By Shoaib Makani, Founder & CEO of Motive

On September 8, 2025, Judge Doris Johnson Hines of the International Trade Commission (ITC) issued her determination in Samsara’s patent infringement case against Motive. The ruling was clear: Motive does not infringe any valid Samsara patent claims, and no violations were found against Motive.

This is a complete victory for Motive, and most importantly, a win for the nearly 100,000 customers and more than 1 million drivers who rely on our technology to improve the safety of our roads.

How we got here
For more than a decade, Motive has been on a mission to make our roads safer. We started in 2013 with electronic logs to prevent fatigue-related accidents. In 2017, we began training AI models to detect unsafe driving behavior. In 2021, we launched the Motive AI Dashcam, a product that has prevented more than 170,000 accidents and saved an estimated 1,500 lives.

It was this life-saving technology and an academic study of its efficacy that prompted Samsara’s legal attack. In 2023, we commissioned a study from the Virginia Tech Transportation Institute to independently benchmark the performance of leading AI dash cams. The results were clear: Motive’s AI Dashcam successfully alerted drivers of unsafe behavior up to 4X more than Samsara.

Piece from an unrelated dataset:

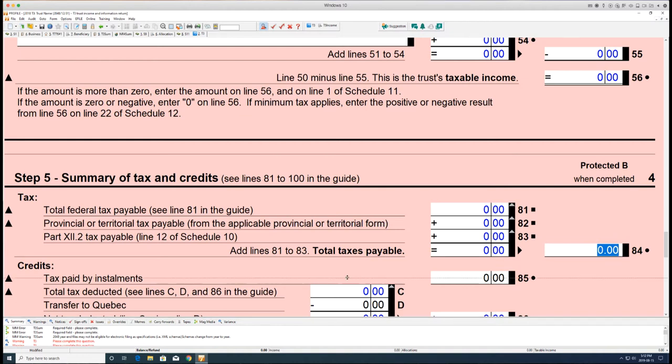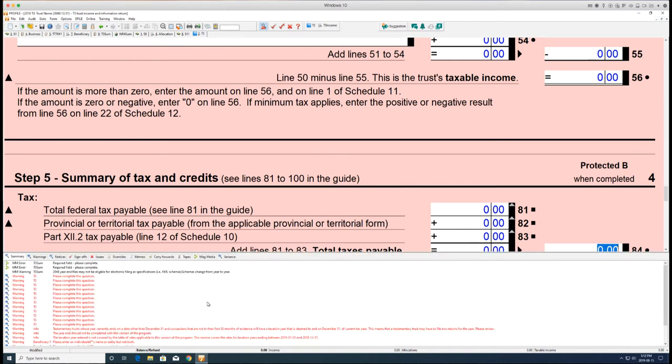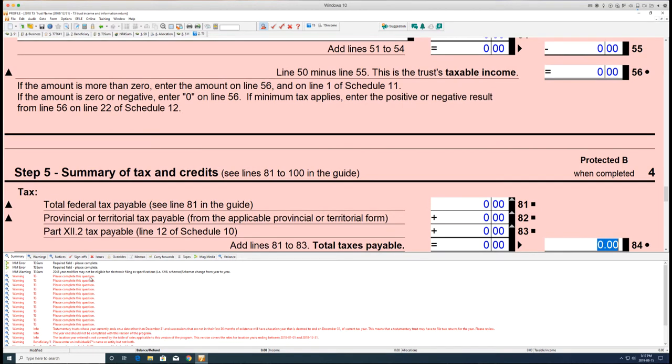Any errors in the T3 form will be displayed in red text. Errors must be resolved before T3 can be printed or mailed to the CRA or undergo an e-file submission.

Knowing they were years behind on the AI front and losing major customers to Motive, Samsara attempted to close the gap by using patent litigation as a marketing tool. But the strategy failed. The Judge’s determination confirms what we have always known — Motive did not copy any of Samsara’s supposed inventions, and Motive’s AI technology is fundamentally better than Samsara’s.

The importance of benchmarking
In nearly every field where AI is applied, from medical diagnostics to software engineering, rigorous benchmarking is the norm. Independent evaluations, transparent metrics, and side-by-side comparisons.

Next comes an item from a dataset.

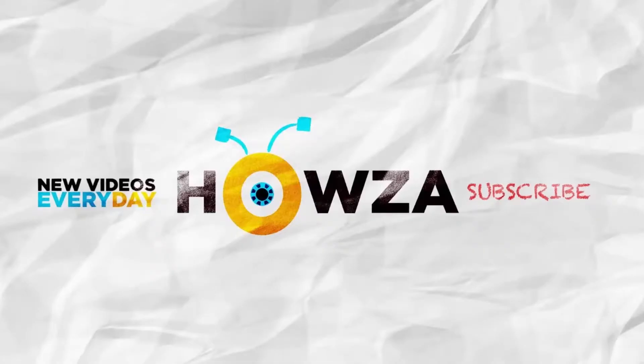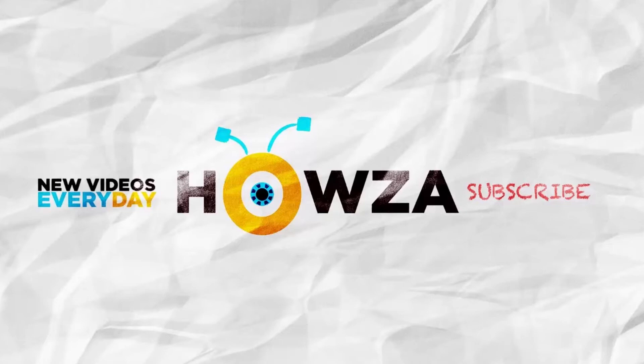Thanks for watching the video. Please like it and subscribe to our channel. We upload new tutorials every day.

But when it comes to AI-powered driver safety technology, Samsara is fighting to prevent it. Samsara’s Terms of Service prevent customers from performing benchmark tests on their products. In stark contrast, Motive’s Terms of Service do not prevent customers from benchmarking our product. We actually encourage it, because we believe it is in the public interest to do so.

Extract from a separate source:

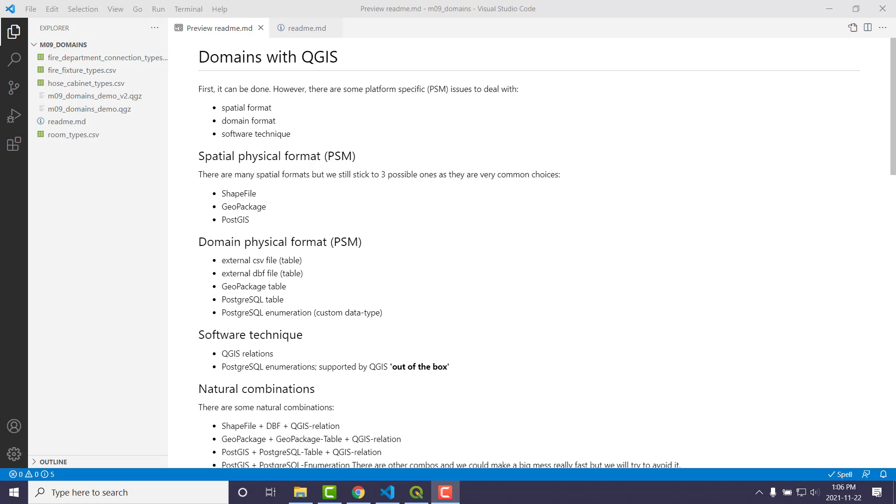So what I want to talk about here is domains in QGIS. A lot of people from the ESRI world who have worked with the personal geodatabase, file geodatabase, or enterprise-enabled geodatabase are familiar with domains. Hopefully they are, and hopefully you take advantage of them as well.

As we have in the past, we again invite Samsara to participate in an independent benchmarking study to compare the performance of our AI dash cams. We hope they will finally take us up on that offer. Until then, we will continue to encourage customers to run their own side-by-side trials and see for themselves which product detects more unsafe behavior and prevents more accidents.

The safer road ahead
With this legal attack in the rearview, Motive remains more focused than ever on our mission to improve the safety of our roads.

Thank you to our customers who have placed their trust in Motive. We are grateful for your partnership, and we are more motivated than ever to build a safer and more productive world with you.